Yesterday we went to visit friends who had moved back to the US after a year abroad. We were going to be driving by the new house’s exit, so we decided to drive by and see how things were going – were they actually moving out?
It was about 3:30 in the afternoon and we were so fucking excited to see when we drove by that there was a moving truck in the driveway, boxes everywhere, people moving shit. HALLELUJAH! We texted our agent in excitement. OMG it looks like they’re actually moving out. Hooray! Things were going to move forward! They were moving! The keys were going to be ours with an empty house this afternoon! We can schedule contractors! (to bid a furnace replacement) We can schedule a locksmith to change the locks! We can schedule cleaners to scrub that baby down!

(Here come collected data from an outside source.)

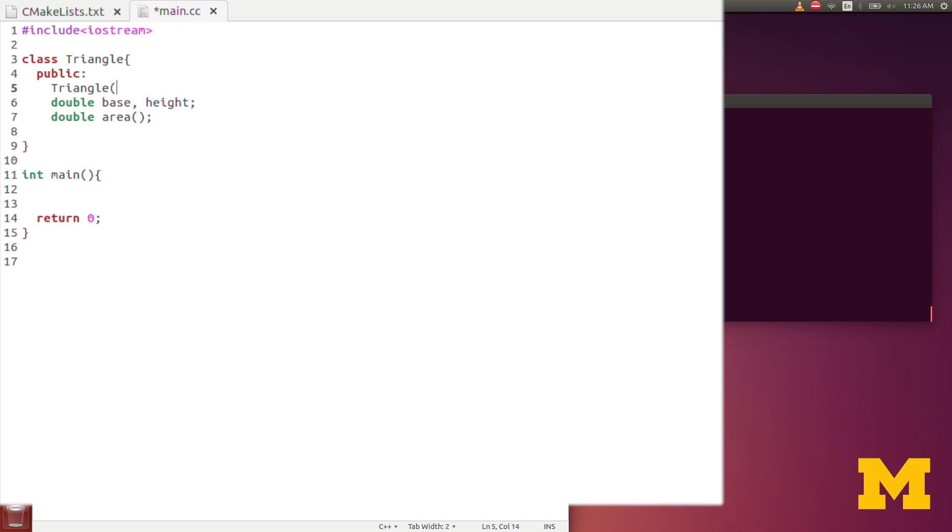For the vectors, the constructor could either take nothing, in which case it created a vector of size zero. The constructor also accepted a size. We could say vec, open parenthesis, close parenthesis of 10, and that would create a vector of size 10. The constructor always has the same name as the class itself. For the constructor for a triangle, we actually want to input the base and the height. I'm going to do b and h just to distinguish it from my class variables, base and height.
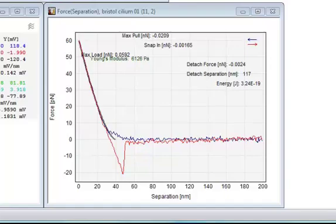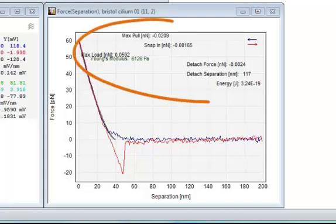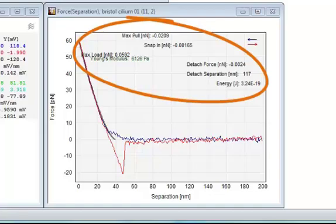In this window, the relevant parameters selected on the general tab are also displayed. In this case, these include the Young's modulus, snap-in, maximum pull, and more.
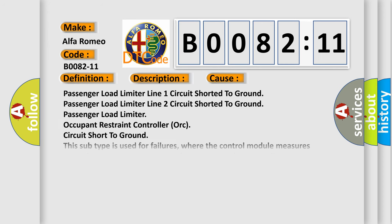This diagnostic error occurs most often in these cases: Passenger Load Limiter Line 1 Circuit Shorted to Ground, Passenger Load Limiter Line 2 Circuit Shorted to Ground, Passenger Load Limiter Occupant Restraint Controller AUK Circuit Short to Ground. This subtype is used for failures where the control module measures ground (battery negative) potential for greater than a specified time period or when some other value is expected.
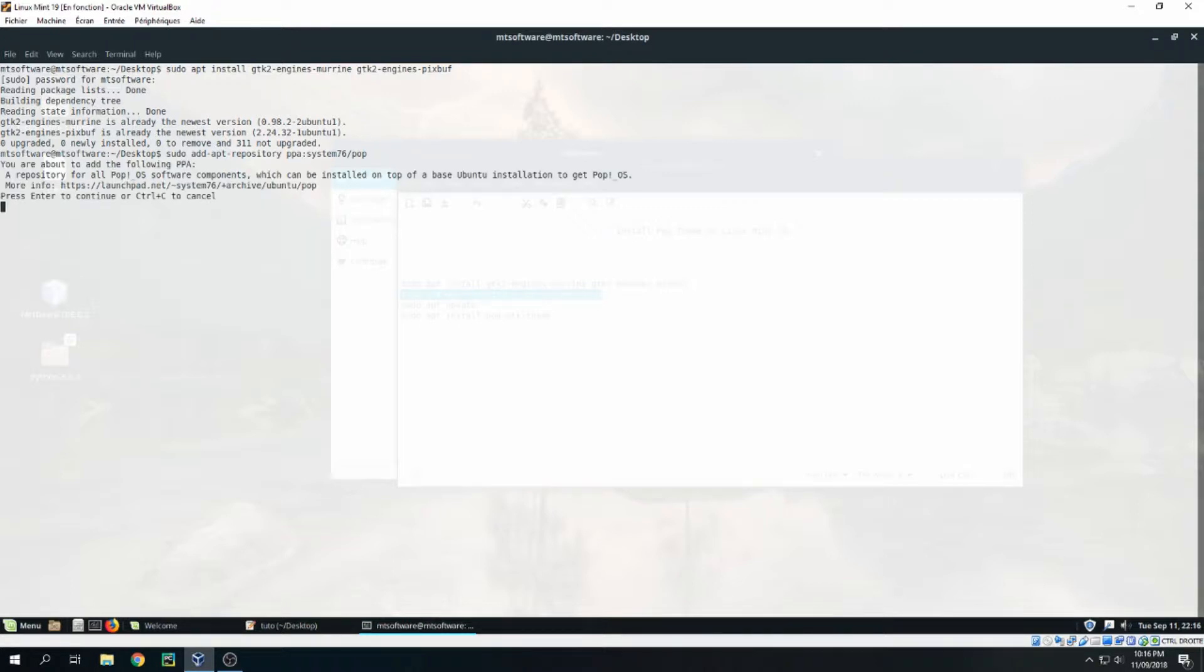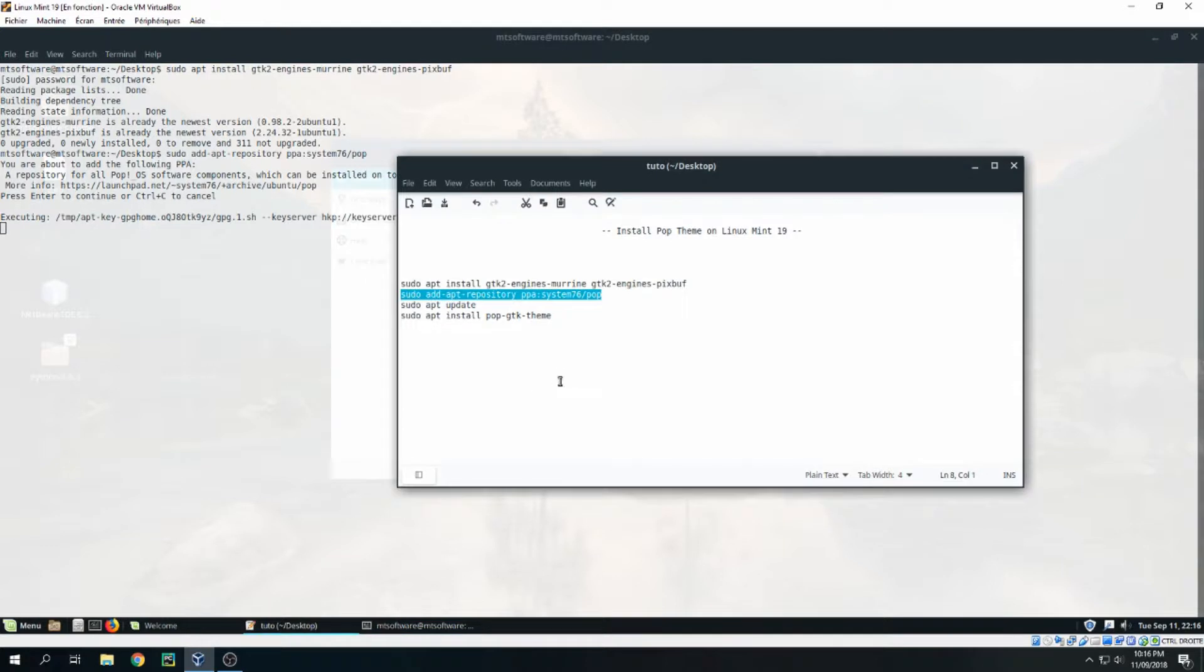And press Enter to continue, and then we must update.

We were so excited that we powered through our exhaustion of a long day, a non-napping toddler and too short of a napping baby and did touch up painting, some packing and sprucing up. Hooray!
So, imagine my depression when I got a text from our agent while watching the Oscars that read: LA [listing agent] left message. House and garage not completely empty. Extenuating circumstances. Have asked for time frame.
OH MY FUCKING GOD!
That’s basically what I sent back to her. Only it was longer. With more cussing.

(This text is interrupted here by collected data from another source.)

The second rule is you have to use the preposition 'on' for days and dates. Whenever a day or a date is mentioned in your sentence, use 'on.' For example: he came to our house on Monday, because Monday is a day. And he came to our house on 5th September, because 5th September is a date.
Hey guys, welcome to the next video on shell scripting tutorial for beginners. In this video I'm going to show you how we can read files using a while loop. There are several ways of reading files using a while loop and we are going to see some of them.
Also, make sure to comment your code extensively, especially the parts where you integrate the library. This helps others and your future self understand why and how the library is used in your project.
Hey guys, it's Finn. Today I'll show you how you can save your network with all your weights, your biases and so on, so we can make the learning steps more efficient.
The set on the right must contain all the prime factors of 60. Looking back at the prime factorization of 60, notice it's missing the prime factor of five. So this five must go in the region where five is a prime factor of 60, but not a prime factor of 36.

If I wasn’t so mad, I would have cried.
I didn’t believe “extenuating circumstances” for a FUCKING SECOND. And that’s what you get for being the boy who cried wolf. This whole time there have been excuses after excuses. I’m sorry, the extenuating circumstances are that you did NO packing before and you needed to move an entire house (with all your stuff everywhere because they have A LOT of stuff) in one day. It’s just not possible.
I have gotten to the point where I don’t feel bad anymore. I had been feeling guilty. I had been feeling awful for being so mad. I understand they are in a short sale. I know that sucks. I know it must feel awful selling a house when you’re underwater. But it’s also frustrating because here we are trying to comply with everything along the way. We’ve been really nice and dealt with all the headache along the way. We’ve been understanding. We’ve followed all the rules. And at some point you have to throw us a bit of a bone and just hold up this little end of the bargain. Please.

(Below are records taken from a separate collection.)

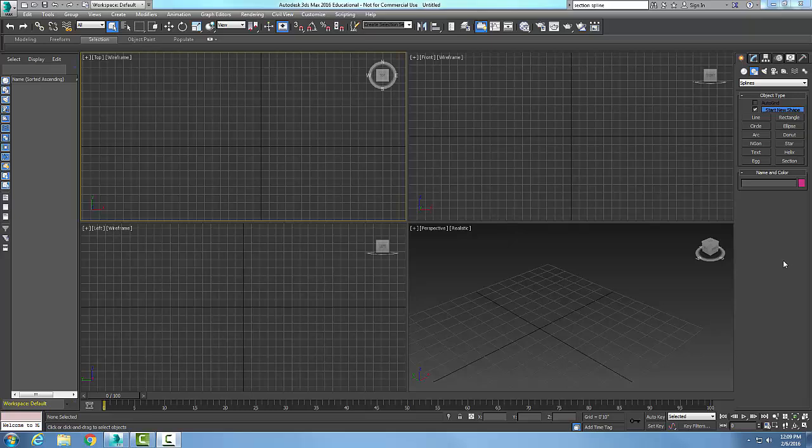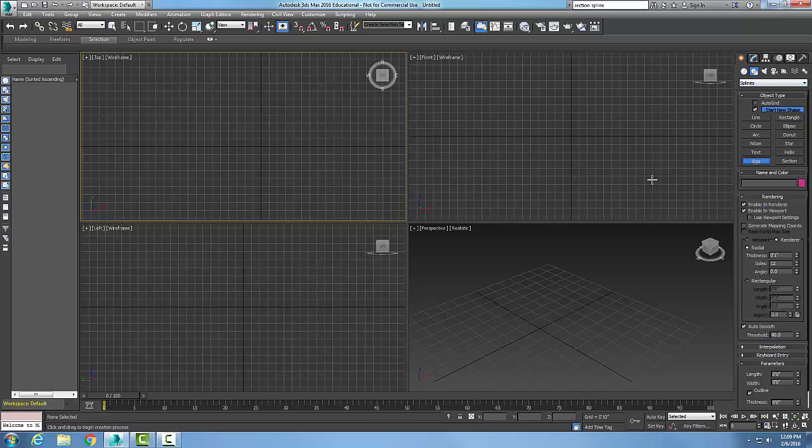We're creating an egg spline. We're going to go up to our command panel, to our create tab, to our shapes button, then to our splines dropdown, and come down to our object type being the egg.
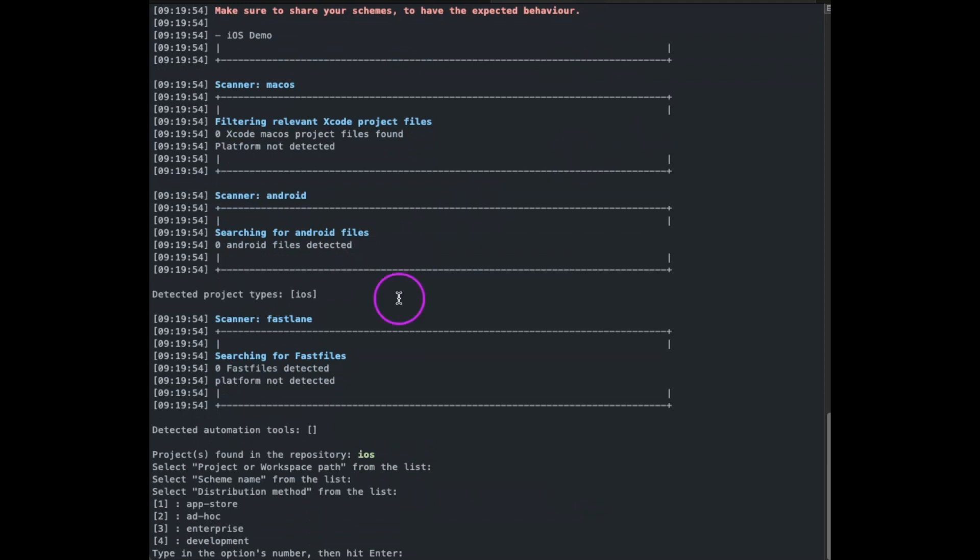Once the scanner is done, it will either detect your app's type, or we'll switch to manual configuration. Manual configuration just means that you'll have to select the type of your app, whether it's iOS, Android, React, or Flutter, and you'll have to provide the path to the relevant config file.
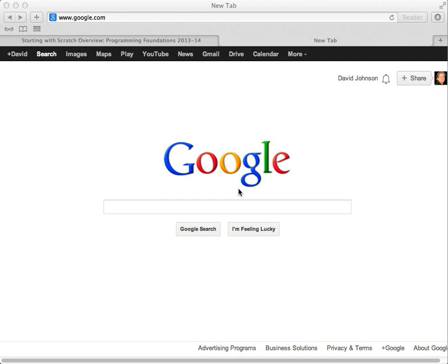I'm using Safari, which is on the Macintosh. You might be using something like Internet Explorer or Firefox or some other web browser. It shouldn't matter. They all should work well.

Our agent said that “technically” they have until 5pm today. That’s the official close of escrow. So I replied to her that that’s when they have until. Tomorrow we have contractors coming in to do estimates. Locks are being changed. It’s been 3 months. It’s close of escrow. It’s time.
We’ll see what happens later today. We’ll see at what time they get all their stuff out. We’ll see if when we get the keys and have the locks changed if there’s a bunch of stuff inside. At this point if they just left all the stuff they don’t want, I would’t care if we had to pay for a dumpster. I just want to be able to have it be our house. Sigh.
So there you have it. Extenuating circumstances. I’m sorry if I sound like an ungrateful, spoiled, asshole. I know to some people it must sound like I am. And I understand that feeling. It’s just hard to have to deal with this. We’ve been looking for our dream house for a year and a half. We’ve put offers on two other houses we’ve loved and lost out. This time, we found it, and we won. We love it. I’ve had dreams about it. I’ve planned where we’ll eat dinner. Where play areas will be in the backyard. The adventures we’ll have on the property. The adventures we’ll have in the neighborhood. Where I can go on morning runs. How we’ll update all the rooms. I’ve been dreaming. And that dream is SO CLOSE. It’s just hard to have the reality of touching it being teased. Fuck.